Modern semiconductor devices have a large programmable space that is used to enable features and provide debugging. This programmable space is programmed by software running on a combination of on and off chip processors. The programmable space is divided into subsections based on functionality. The subsections are further partitioned into logical register definitions that correlate with a corresponding feature set of the subsection. The lowest level of the programmable space is dictated by logical features and can have variable data widths. The width of a processor interface to the programmable registers is dictated by specifications of a processor and interconnect technology used between the processor and the programmable space.

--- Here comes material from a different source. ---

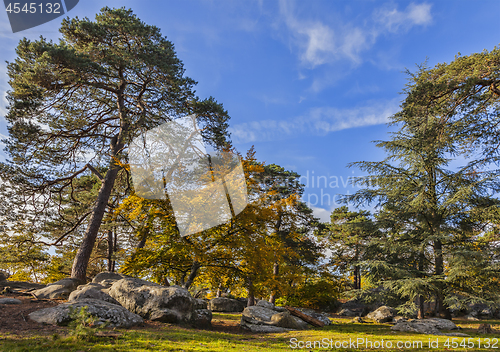 Image of Autumn Scene in Fontainebleau Forest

Due to recent trends of multi-threading, virtualization, and the like, there can be multiple accesses to the programming space. These may or may not be coming from the same physical processor, which can be problematic when a wider end register is being accessed simultaneously by multiple sources in a piece meal manner. For example, if two threads are trying to access a 200-bit end register through multiple 32-bit transactions, then there needs to be some mechanism and check to ensure that all the 200-bits are updated from the same original source.
Semaphores are used between the sources to ensure that only one source is accessing the end registers at any time. Current implementations use two techniques to ensure atomicity. The atomicity can be implemented purely in software in some shared memory or can be hardware assisted by use of a register which ensures atomicity across a RMW (read modify write) access.
One limitation of the semaphore mechanism is that it limits performance by controlling how many sources can simultaneously access the end registers. Acquiring the semaphore adds overhead to each register access. This overhead comes even when two sources are not accessing the same end register. Assume two sources, namely SOURCE 0 and SOURCE 1, are trying to access two 64-bit registers, namely X and Y. FIG. 1 illustrates an exemplary sequence of operations 100 using the semaphore mechanism, which demonstrates unnecessary overhead. Unnecessary overhead affects performance.
In some applications, two sources may not be sharing the same software code base, which makes implementing the same semaphore logic even harder. One example of this scenario is when customer software is running on an external processor, while a debugging software is running on an embedded software.